♪~灯りをつけましょぼんぼりに。
お花をあげましょ、桃の花。
ご存じですか、ひな祭りとお蕎麦の関係
華やかな風習、ひな祭り。
その昔、江戸時代にはひな祭りの翌日にあたる三月四日に、そばを食べる「雛そば」の習慣がありました。
三月四日は、雛祭りのために飾った人形を仕舞う「雛納め」の日にあたるわけです。お雛様を仕舞うのが遅れると、お嬢さんの婚期が遅れてしまうということで、どのご家庭でも必ず三月四日には、お雛様を片づけたのでした。
今風の小振りなお雛様とはちがって、旧家で飾るようなお雛様は、何段もの飾り段をもつ立派な物で、それを来年のために仕舞うのは、なかなかの重労働であったはずです。
それがゆえに三月四日にそばが振る舞われたのかどうかは定かではありませんが、いつしか三月四日にそばを食べるという習慣が江戸の風俗として定着してまいりました。
江戸の製粉技術の発達で、雛そばがお洒落に
寛永三(1626)年には、真っ白い御前粉がふるい分けられたことを示す川柳が発表されていますので、少くともこの時代以降、急速に変わり蕎麦がブレイクしたことが想像できます。
変わり蕎麦は、さらしな粉(御前粉)をベースとして、さまざまな色合をもつ素材を打ち込んで拵えるアートであります。残念ながらそばの香りが全くしないため、そばとしては決して美味いものではないですが、その色とカタチを賞でるにはうってつけの素材といえます。昔から、お武家さんたちにもてはやされておりました。

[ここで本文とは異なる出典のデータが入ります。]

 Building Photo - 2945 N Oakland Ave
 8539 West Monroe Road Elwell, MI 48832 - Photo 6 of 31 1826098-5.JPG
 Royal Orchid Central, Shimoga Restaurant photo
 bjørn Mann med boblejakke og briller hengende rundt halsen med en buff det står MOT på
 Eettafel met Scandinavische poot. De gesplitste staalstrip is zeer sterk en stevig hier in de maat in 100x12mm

最初のうち、雛そばは、たぶん雛納めのマカナイとしてごく普通のそばが提供されてきたと思うのですが、時代がどんどん下っていくと、雛人形やミニチュアの調度類がどんどん贅沢になっていくにつれ、マカナイとしての意味が薄れて、カタチの美しさに走るようになったのでしょう。絢爛たるひな壇の前でいただく変わり蕎麦、江戸のセレブだけに許された、さぞかし見事な風習だったに違いありません。
菱餅みたいなトリコロールのそば、素敵でしょ
それゆえ雛そばは、三月三日に目出度く三と三が重なる重三の縁起から、白いさらしなそば、緑の茶そば、赤い海老切りそばと、菱餅の色遣いを模した三色そばが贅沢に使われることが多くなったそうです。
雛が無事に仕舞われると、翌日の五日あたりは啓蟄(けいちつ)。春の跫音が、すぐそこまで迫って、心が浮き立つような季節へと移っていきます。
いまでは、すっかり廃れてしまいましたが、綺麗な色にあふれた風習なので、腕に自信のある方は、今日さりげなく復活させてみるというのも、お洒落なのではないかと思います。